The Courage to Feel: Why Emotional Honesty is the Path to Healing

February 26, 2025
TIME
 min read
You wake up early, hit the gym, grab a coffee, and dive into work. You power through meetings, answer emails, and push yourself to stay ahead. After work, maybe you grab drinks with friends, scroll your phone, or binge a show before crashing into bed—only to do it all over again tomorrow.

You wake up early, hit the gym, grab a coffee, and dive into work. You power through meetings, answer emails, and push yourself to stay ahead. After work, maybe you grab drinks with friends, scroll your phone, or binge a show before crashing into bed—only to do it all over again tomorrow.

From the outside, it looks like you have it all together. You’re ambitious, driven, and successful. But if you slow down for even a second, there’s this nagging feeling beneath the surface—something unsettled, something restless. Maybe it’s stress. Maybe it’s loneliness. Maybe it’s a sense that, despite checking all the boxes, something still feels off.

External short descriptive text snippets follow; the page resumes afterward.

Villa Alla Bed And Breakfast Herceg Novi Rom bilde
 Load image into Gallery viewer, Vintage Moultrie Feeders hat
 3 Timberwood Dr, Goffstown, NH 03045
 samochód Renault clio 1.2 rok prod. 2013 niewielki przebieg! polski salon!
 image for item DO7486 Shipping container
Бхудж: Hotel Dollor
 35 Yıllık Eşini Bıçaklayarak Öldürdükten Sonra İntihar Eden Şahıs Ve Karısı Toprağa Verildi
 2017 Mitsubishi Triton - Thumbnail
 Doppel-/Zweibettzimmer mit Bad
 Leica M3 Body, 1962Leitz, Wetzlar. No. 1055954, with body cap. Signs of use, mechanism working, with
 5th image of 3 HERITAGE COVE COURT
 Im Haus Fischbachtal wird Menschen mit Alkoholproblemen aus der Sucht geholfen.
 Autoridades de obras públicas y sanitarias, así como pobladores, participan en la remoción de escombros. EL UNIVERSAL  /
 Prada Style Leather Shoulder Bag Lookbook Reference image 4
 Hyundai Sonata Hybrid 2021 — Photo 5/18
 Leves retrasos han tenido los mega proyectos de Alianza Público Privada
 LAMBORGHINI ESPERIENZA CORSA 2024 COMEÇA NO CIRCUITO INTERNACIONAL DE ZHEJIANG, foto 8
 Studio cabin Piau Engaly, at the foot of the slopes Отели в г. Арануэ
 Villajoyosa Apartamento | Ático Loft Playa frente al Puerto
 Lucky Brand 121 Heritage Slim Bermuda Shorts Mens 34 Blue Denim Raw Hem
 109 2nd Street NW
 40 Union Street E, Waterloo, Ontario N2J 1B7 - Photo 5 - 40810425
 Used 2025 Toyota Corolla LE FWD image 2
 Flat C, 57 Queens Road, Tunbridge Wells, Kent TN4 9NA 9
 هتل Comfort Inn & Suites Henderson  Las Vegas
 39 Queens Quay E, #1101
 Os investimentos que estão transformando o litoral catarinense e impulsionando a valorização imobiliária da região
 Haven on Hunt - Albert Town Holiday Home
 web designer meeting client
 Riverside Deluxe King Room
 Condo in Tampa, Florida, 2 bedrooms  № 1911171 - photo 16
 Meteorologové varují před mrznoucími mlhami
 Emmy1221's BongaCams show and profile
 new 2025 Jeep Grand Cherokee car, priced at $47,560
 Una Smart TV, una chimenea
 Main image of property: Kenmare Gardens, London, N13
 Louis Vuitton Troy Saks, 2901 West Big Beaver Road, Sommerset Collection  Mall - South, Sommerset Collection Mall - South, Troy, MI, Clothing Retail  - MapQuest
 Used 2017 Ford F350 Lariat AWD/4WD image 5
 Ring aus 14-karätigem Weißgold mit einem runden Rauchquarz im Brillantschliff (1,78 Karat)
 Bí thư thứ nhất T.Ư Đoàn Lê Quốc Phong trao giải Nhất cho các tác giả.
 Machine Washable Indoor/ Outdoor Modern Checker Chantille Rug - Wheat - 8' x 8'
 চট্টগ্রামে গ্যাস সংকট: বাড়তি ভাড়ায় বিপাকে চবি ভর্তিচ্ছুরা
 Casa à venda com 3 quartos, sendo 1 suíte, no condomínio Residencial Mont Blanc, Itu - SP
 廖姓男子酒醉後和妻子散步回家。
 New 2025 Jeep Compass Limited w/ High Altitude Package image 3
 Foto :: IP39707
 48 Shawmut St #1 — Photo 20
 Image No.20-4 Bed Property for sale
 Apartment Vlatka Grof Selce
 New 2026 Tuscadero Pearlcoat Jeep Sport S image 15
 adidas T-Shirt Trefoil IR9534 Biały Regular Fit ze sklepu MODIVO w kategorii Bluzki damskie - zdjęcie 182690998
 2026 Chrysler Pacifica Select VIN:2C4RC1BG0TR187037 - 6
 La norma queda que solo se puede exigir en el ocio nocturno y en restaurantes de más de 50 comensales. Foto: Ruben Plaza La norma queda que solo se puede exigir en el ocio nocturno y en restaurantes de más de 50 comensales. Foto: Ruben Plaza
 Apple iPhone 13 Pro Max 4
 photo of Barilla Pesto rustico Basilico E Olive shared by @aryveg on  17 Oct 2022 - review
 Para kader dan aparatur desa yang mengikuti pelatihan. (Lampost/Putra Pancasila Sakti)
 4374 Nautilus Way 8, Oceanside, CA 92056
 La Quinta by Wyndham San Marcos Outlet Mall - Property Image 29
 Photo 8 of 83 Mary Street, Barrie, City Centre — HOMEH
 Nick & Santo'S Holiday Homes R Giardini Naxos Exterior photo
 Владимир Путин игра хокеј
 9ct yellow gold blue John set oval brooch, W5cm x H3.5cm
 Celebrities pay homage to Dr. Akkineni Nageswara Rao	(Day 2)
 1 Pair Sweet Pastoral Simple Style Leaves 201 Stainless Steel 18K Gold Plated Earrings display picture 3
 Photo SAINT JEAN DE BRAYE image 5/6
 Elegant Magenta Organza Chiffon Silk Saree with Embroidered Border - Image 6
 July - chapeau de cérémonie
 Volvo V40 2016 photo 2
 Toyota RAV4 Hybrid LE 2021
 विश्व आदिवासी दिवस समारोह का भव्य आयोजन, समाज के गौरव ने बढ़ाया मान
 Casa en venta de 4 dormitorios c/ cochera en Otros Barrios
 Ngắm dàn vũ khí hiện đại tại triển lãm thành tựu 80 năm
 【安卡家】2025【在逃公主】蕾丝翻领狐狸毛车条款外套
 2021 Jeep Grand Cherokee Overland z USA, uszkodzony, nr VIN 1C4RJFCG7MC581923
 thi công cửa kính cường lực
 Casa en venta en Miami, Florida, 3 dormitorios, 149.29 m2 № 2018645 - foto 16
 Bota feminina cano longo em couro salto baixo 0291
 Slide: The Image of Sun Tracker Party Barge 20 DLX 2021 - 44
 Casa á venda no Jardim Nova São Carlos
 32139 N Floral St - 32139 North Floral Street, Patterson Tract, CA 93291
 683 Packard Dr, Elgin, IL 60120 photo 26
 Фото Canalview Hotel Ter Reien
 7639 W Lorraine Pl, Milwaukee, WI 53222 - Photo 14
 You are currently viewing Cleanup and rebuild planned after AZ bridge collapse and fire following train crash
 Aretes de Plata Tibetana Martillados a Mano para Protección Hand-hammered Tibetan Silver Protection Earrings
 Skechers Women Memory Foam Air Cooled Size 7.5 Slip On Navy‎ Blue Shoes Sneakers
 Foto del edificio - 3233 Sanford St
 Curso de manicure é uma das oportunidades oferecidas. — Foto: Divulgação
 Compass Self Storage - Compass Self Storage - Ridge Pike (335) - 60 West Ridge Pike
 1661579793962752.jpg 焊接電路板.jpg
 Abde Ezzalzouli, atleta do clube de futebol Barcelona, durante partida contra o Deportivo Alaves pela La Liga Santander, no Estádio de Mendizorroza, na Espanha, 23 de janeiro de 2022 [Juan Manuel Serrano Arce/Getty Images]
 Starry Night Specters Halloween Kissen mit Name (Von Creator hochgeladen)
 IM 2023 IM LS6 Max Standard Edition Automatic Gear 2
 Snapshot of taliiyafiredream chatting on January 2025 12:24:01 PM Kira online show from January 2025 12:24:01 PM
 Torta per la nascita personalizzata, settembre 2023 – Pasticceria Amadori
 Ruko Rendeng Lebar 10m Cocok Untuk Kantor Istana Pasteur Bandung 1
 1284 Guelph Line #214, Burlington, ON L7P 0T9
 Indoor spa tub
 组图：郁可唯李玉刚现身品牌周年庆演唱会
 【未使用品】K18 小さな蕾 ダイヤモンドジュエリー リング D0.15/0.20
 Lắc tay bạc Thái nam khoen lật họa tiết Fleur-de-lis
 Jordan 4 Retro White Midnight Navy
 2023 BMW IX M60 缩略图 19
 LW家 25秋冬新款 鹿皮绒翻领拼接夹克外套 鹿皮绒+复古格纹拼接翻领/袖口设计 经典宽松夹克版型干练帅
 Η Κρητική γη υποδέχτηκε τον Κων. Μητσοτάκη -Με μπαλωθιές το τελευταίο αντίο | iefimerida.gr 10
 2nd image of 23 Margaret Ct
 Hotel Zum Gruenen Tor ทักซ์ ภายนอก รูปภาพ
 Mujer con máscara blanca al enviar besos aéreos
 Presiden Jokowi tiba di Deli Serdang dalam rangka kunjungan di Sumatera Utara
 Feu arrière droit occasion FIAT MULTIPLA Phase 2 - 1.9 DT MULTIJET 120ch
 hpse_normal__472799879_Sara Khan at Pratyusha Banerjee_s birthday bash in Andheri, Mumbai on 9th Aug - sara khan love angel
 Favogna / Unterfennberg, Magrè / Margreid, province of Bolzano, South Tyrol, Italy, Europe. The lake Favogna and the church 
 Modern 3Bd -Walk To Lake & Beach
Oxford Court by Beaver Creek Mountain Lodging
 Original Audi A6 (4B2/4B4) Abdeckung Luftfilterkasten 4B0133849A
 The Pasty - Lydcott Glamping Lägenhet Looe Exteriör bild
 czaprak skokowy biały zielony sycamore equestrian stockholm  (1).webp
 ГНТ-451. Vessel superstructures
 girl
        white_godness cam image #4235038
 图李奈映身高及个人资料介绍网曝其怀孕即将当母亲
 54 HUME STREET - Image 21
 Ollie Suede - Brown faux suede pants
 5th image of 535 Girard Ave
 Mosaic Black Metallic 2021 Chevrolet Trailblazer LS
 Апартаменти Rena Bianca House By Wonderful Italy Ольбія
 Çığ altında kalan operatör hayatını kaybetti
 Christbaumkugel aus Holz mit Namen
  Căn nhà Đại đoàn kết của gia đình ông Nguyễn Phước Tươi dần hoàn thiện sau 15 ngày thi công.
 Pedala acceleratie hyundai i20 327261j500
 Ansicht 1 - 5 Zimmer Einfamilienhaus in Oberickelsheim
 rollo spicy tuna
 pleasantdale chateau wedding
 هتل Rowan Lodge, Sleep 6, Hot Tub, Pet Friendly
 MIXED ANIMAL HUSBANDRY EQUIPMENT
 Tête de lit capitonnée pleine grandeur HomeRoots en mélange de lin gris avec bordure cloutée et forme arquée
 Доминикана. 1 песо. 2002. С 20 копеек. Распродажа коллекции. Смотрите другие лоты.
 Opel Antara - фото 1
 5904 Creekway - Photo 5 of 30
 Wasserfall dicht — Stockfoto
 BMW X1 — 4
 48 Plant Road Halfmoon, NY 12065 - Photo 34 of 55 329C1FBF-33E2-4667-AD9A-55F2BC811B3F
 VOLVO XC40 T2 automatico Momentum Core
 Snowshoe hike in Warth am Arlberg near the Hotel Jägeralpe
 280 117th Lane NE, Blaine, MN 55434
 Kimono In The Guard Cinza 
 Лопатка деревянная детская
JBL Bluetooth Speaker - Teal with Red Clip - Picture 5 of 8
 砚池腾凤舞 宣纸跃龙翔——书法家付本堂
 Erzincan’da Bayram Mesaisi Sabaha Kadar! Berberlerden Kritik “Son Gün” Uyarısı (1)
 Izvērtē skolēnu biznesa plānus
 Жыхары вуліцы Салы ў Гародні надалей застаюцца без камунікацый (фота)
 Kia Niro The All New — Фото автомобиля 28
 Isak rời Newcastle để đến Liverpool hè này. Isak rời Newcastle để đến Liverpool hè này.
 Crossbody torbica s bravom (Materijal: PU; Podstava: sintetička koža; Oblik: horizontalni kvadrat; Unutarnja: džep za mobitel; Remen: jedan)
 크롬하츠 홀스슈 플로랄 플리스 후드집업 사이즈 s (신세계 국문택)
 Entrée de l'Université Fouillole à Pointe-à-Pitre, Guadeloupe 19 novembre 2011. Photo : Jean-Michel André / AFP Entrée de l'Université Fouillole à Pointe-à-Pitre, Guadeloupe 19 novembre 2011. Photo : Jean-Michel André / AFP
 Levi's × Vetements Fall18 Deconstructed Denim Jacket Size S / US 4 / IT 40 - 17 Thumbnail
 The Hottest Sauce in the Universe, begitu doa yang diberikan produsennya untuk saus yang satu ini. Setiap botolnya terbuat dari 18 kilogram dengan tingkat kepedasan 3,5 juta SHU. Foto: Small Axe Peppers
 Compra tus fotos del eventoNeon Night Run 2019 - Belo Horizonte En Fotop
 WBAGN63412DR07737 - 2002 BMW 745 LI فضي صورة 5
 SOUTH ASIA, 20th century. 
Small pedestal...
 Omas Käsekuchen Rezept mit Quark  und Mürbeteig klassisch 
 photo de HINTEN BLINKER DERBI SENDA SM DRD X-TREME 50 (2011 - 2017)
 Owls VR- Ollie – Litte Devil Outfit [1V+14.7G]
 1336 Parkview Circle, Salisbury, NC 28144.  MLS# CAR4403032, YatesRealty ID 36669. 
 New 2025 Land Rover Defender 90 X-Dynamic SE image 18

The truth is, many of us in our 20s and 30s are masters at doing but struggle with being. We’ve learned how to push through, how to look strong, how to achieve. But we haven’t been taught how to actually feel.

And that, more than anything, is what keeps us from real peace.

Why We Avoid Feeling

Most of us weren’t taught how to engage with our emotions in a healthy way. Instead, we learned to:

  • Numb out – through work, alcohol, social media, or endless distractions.
  • Push through – telling ourselves to “get over it” or “be strong.”
  • Perform – making it seem like everything’s fine, even when it’s not.

In a fast-moving city like Nashville, where everyone seems to be chasing the next big opportunity, slowing down to process your emotions can feel like a liability. You don’t have time to be sad—you have deadlines. You can’t afford to feel afraid—you have to network. You push your feelings aside because, honestly, you don’t even know what you’d do with them if you faced them.

But here’s the thing: ignoring your emotions doesn’t make them disappear. It just drives them underground, where they show up in other ways—stress, anxiety, burnout, irritability, even addiction.

The Power of Emotional Honesty

If you want real freedom—the kind that isn’t dependent on how successful you are or how much others approve of you—it starts with emotional honesty.

Emotional honesty is the willingness to tell the truth about what’s happening inside of you. Not just to other people, but to yourself. It’s admitting when you’re lonely. When you’re afraid. When you feel like you’re falling behind. It’s naming what’s real, rather than just pushing through.

Because here’s the paradox: the more we suppress our emotions, the more they control us. But when we name them—when we allow ourselves to feel them fully—they lose their power.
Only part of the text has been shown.